Two years in the making: Royals' Blanton grabs a win

Published Jun. 18, 2015 12:44 a.m. ET

KANSAS CITY, Mo. -- Dave Eiland and Don Wakamatsu both approached manager Ned Yost during Wednesday's 10-2 win over Milwaukee. They were wondering if Kansas City should warm up a reliever to take over for Joe Blanton in the fifth inning.

Eiland saw left-hander Adam Lind on the horizon. Wakamatsu foresaw Ryan Braun coming up. But with two outs, Yost's decision was made.

"This kid's worked too hard to get within one out of a win," Yost said. "I'm going to let him face the next three hitters."

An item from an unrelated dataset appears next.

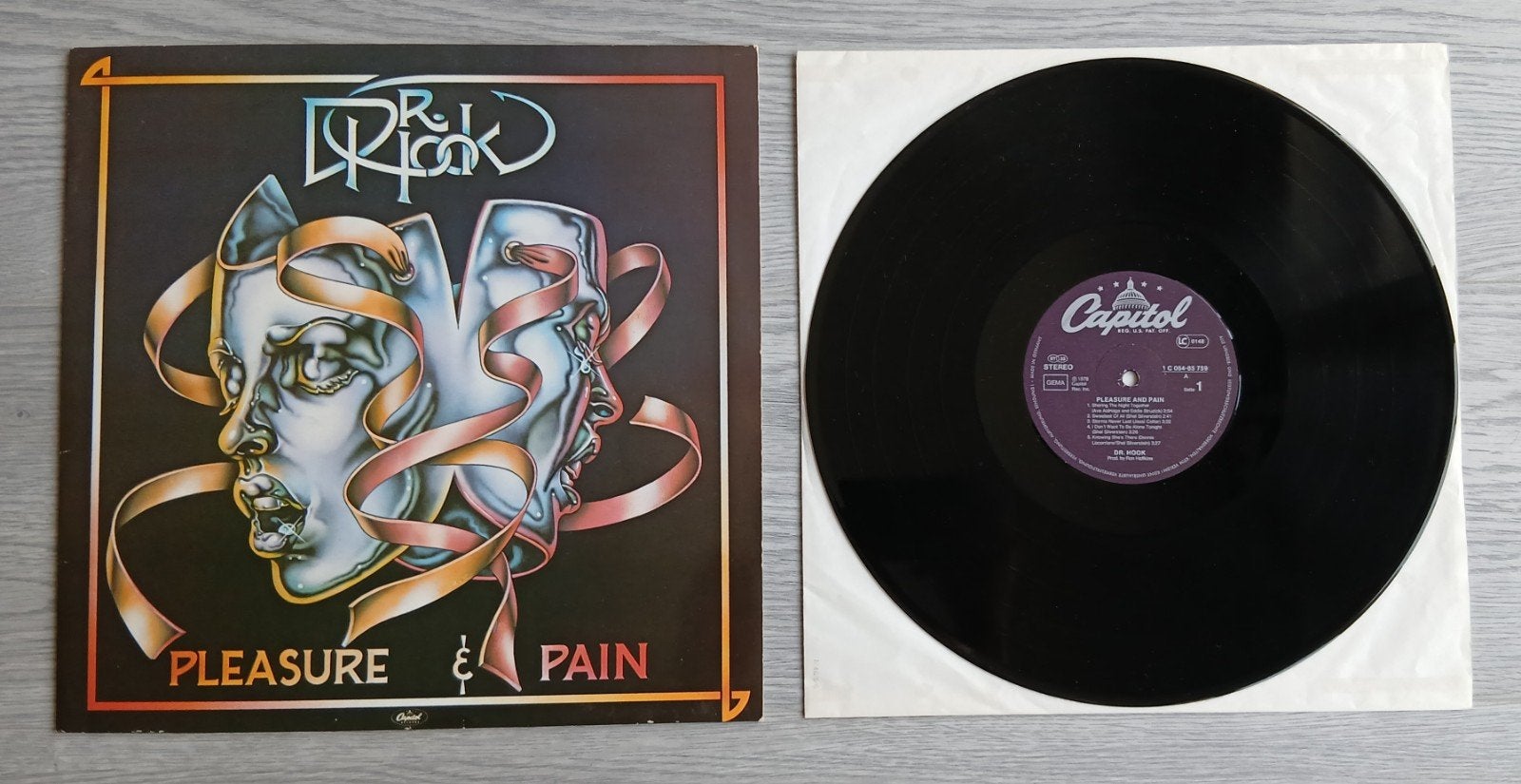 DR. Hook - Pleasure & Pain - Vinyl LP, Verzenden, Zo goed als nieuw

Blanton didn't have to face the next three hitters, just the next one as he got Gerardo Parra to ground out to end the inning. By ending the fifth, Blanton scooped up his first win since 2013 in his first start since that season.


He eased through the five innings, allowing just five hits and striking out four before being lifted after 73 pitches. Yost said he didn't want to overextend Blanton, who should be ready to throw 90 pitches his next time out. Blanton said he probably could have gone another inning.

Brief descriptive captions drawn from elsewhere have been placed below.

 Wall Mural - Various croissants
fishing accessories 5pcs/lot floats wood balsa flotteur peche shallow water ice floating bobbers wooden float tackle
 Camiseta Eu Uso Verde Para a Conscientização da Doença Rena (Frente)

Blanton has surprised with every appearance. Prior to Wednesday evening, he had been used almost exclusively in mop-up duty, the Royals losing in all seven of his outings despite an impressive 1.80 ERA.

"Joe's been throwing the ball really, really well," Yost said. "He's worked really, really hard for this win. It's been a long time. It's been a lot of rehabbing and getting himself in great shape and having to go back to the minors."

Before Wednesday's game, general manager Dayton Moore revealed what made Blanton attractive to them. After all, he was a 34-year-old pitcher who threw 10 2/3 innings at Triple A the year before. His ERA slid under 4.00 just twice in his 10-year career. Opponents had blasted 58 home runs off Blanton in his previous two major league seasons.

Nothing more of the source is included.